La violencia contra las mujeres es de tal gravedad que, según el Observatorio de la Violencia de la Universidad Nacional Autónoma de Honduras, cada 14 horas una mujer es asesinada con odio y con saña.
Más allá de las cifras, es alarmante el hecho de que estos crímenes han sido influenciados por una cultura de discriminación contra la mujer. Además de la extrema violencia con la que se ejecutan, la respuesta y actitud de las autoridades es ineficiente e indiferente, lo que permite su perpetuación.
El alto índice de violencia contra las mujeres y la impunidad que rodea los femicidios demuestran que el Estado hondureño no adopta medidas adecuadas con la diligencia debida para impedirlos o para investigarlos y castigarlos e indemnizar a las víctimas.
Esta es una violencia que no se erradica con militarización, sino con planes de acción que cambie la cultura patriarcal por la de igualdad; con sensibilización del sistema de justicia penal y la policía en cuestiones de género; con medidas para aumentar la sensibilización y modificar las políticas discriminatorias en la esfera de la educación y en los medios de información; entre otros.

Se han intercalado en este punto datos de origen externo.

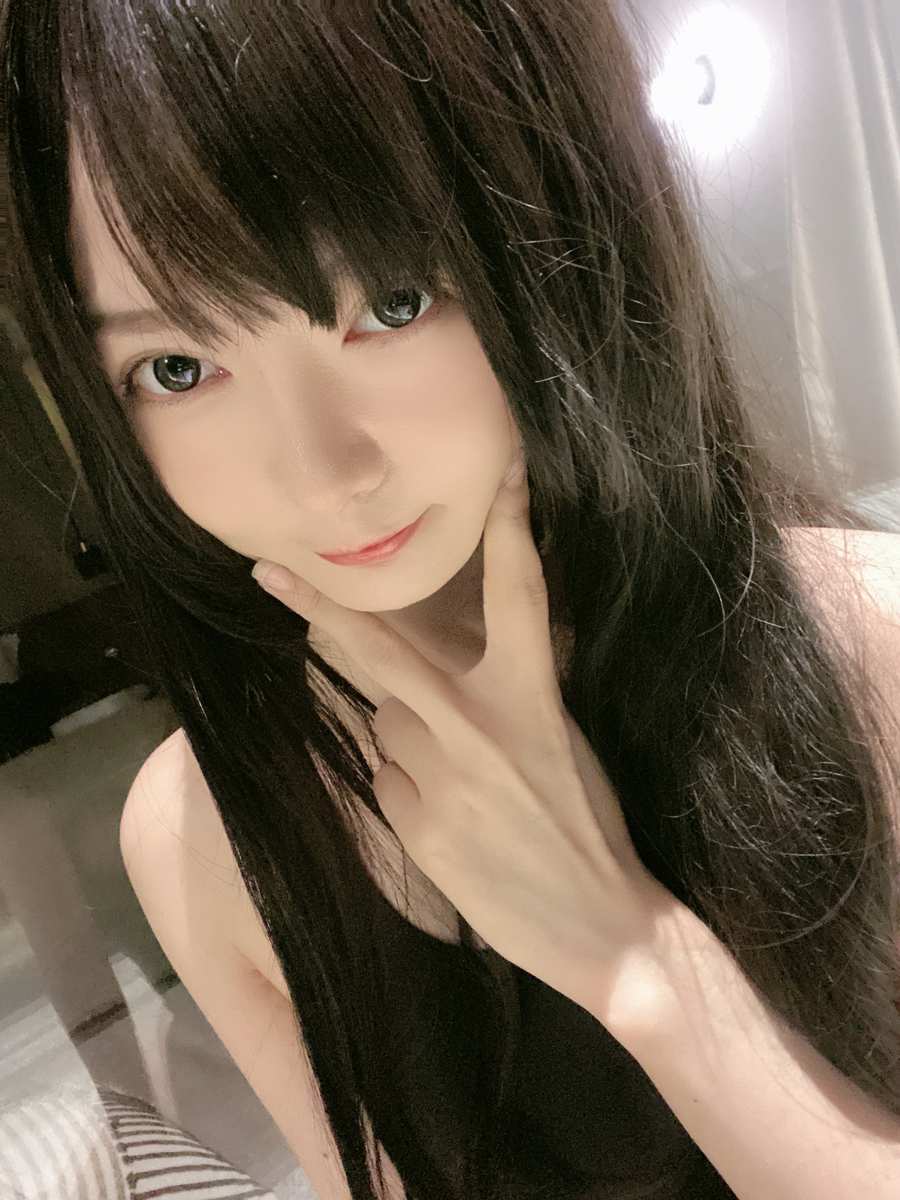 51酱cos黑红泳装图片写真,完美演绎性感与优雅 51酱cos黑红泳装图片写真,完美演绎性感与优雅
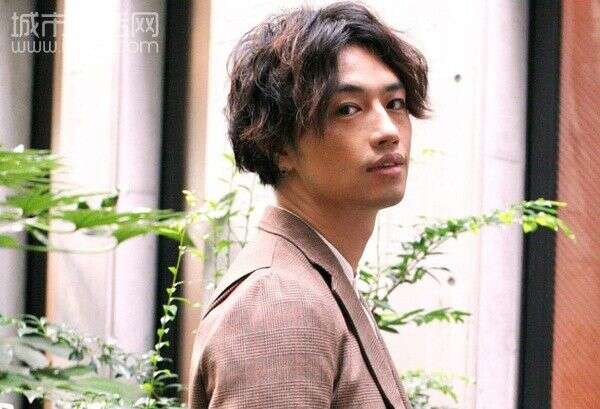 斋藤工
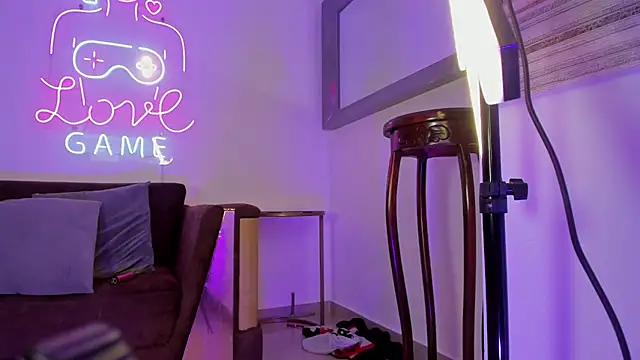 Snoop_Becky webcam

En cada asesinato de una mujer, las autoridades hondureñas incurren en una omisión culposa pues los datos evidencian dos cosas: uno, la gravedad de este fenómeno social que en cualquier país con un gobierno decente haría que se declarase una emergencia nacional; y dos, que el Estado no lo atiende adecuadamente, no lo controla ni lo erradica, y, por tanto, es cómplice.